» **TASK DIRECTIONS**
Set down precisely the lines from the line with "maestro en México?" through the end of the material, inclusive, and no pictures.

------------------------------------------------------------------------

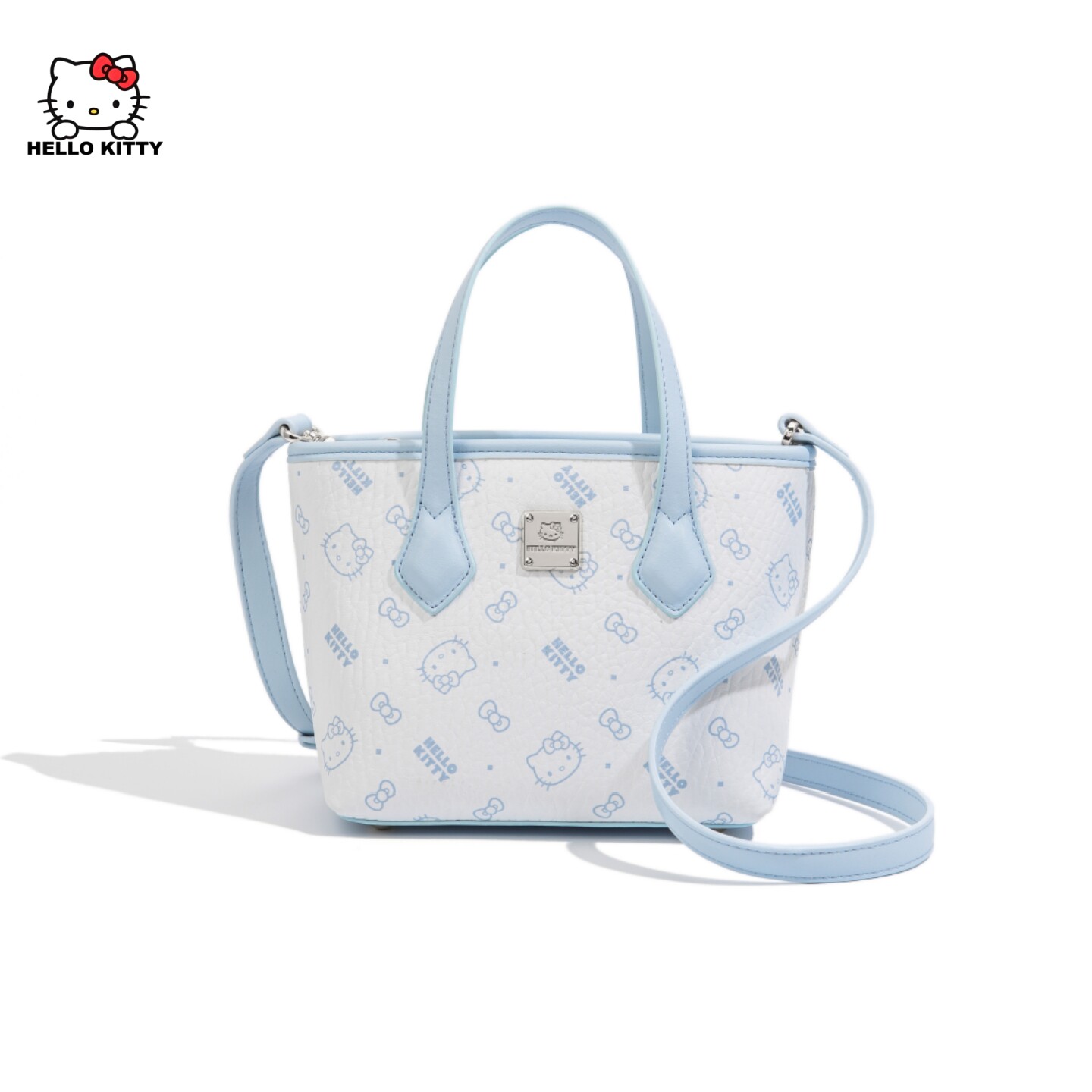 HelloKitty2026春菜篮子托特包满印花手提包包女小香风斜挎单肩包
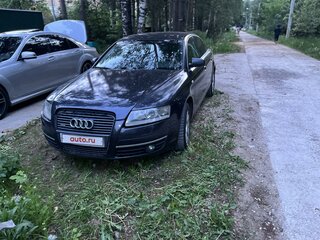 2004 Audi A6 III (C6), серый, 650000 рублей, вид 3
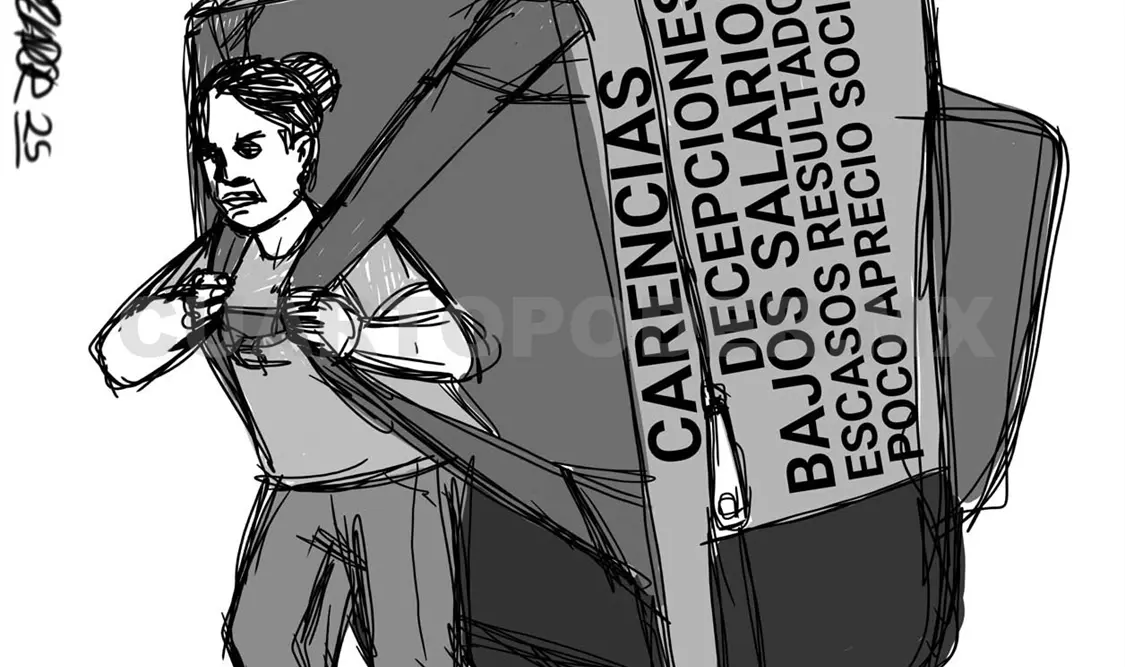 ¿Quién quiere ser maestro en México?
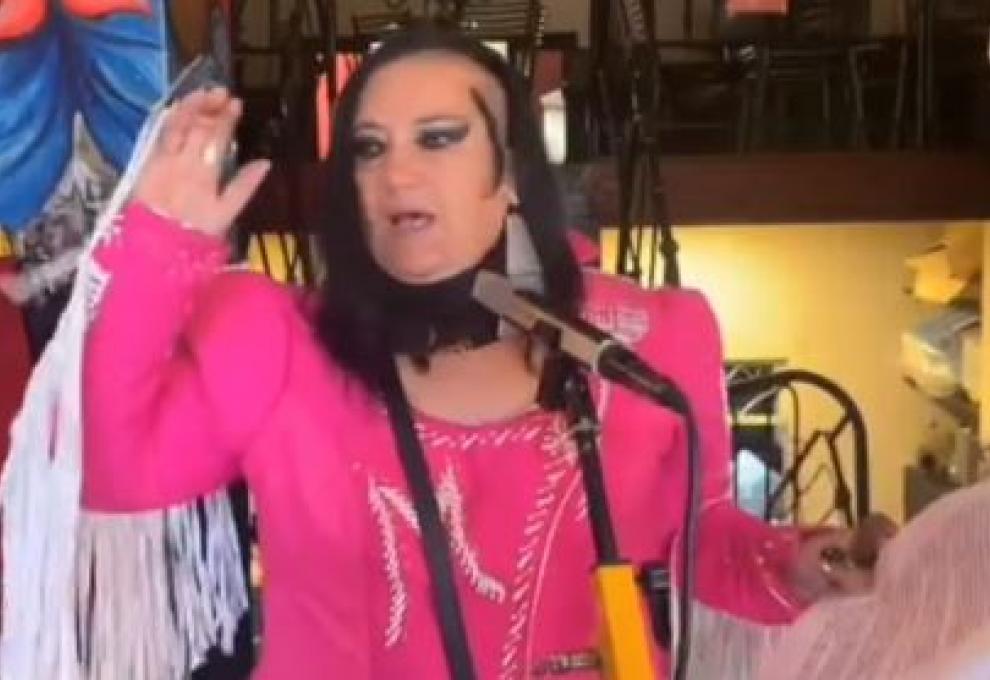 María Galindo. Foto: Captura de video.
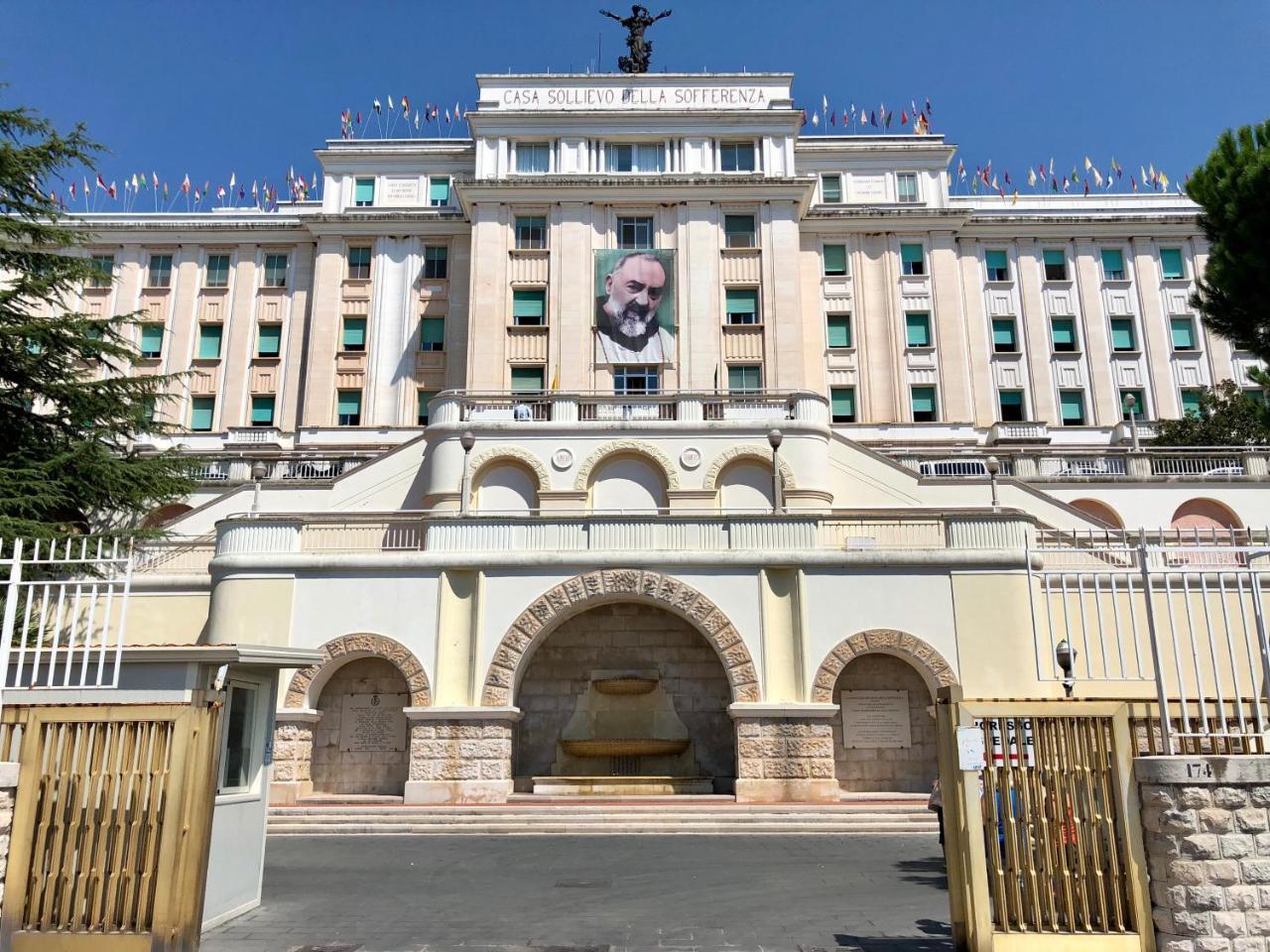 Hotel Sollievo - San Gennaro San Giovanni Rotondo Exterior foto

------------------------------------------------------------------------

» **ANSWER FOR THIS EXERCISE**
 ¿Quién quiere ser maestro en México?
 María Galindo. Foto: Captura de video.
 Hotel Sollievo - San Gennaro San Giovanni Rotondo Exterior foto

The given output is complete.